The utility of electronic health records (EHRs) in healthcare is indisputable, yet their summarization remains a time-consuming task for medical professionals. The application of LLMs in generating these summaries has shown potential, but there are significant obstacles, including the adequacy of the results, the lack of domain-specific training data, and the unsuitability of LLM attention mechanisms for large inputs. Addressing these challenges, a novel approach utilizing semantic search, retrieval augmented generation (RAG), and question-answering is proposed, which promises efficient, minimal-training-required solutions to EHR summarization.

Methods

Data Source and Preparation

The authors have selected the MIMIC-III dataset for its comprehensive and representative nature, featuring a plethora of clinical notes integral to a patient’s EHR. The emphasis is on "complete" EHR data from long-stay patients (>10 days), with three clinician SMEs involved in the annotation and summary generation processes.

Summarization Approach

The approach stands on segmenting EHRs into paragraphs as semantically complete units, indexing these using vector embeddings for efficient retrieval. It then strategically fetches relevant snippets via questions shaped by SMEs, to form the crux of a summary.

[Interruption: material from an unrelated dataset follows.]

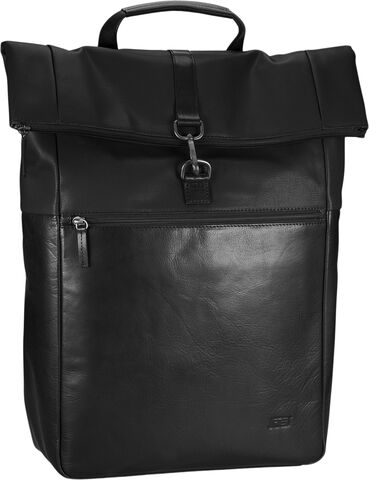 black MALMO Rollup Backpack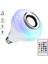 Bluetooth Hoparlör Akıllı LED Ampul Lamba (4767) 4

This process exploits the latest LLMs to generate responses to the queries with an accompanying confidence score. A weighted combination of scores aids in selecting sentences that collectively form a comprehensive summary.

Evaluation

For validation, the method combines subjective assessments by SMEs with objective measures such as ROUGE and BLEU scores. In addition, semantic methods using embeddings and vector similarity will be leveraged. This mixture of quantitative and qualitative evaluations is designed to ascertain the summaries' accuracy, relevance, and the critical compression ratio, showcasing the method's efficacy beyond traditional metrics.

Concluding Remarks

The proposed approach to EHR summarization via question-answering and RAG offers a paradigm shift from traditional machine-learning methods. It holds the promise of substantial time savings for clinicians, focusing on the extraction of answers to predetermined questions, signaling essential information as identified by SMEs. Initial experiments have yielded promising results, and the authors are scaling this evaluation to more extensive datasets, signaling wider applications across domains where contextualized summaries are required. This undertaking could potentially transform tasks such as HR interview summarization in similar ways, signifying its broader applicability and impact on information handling.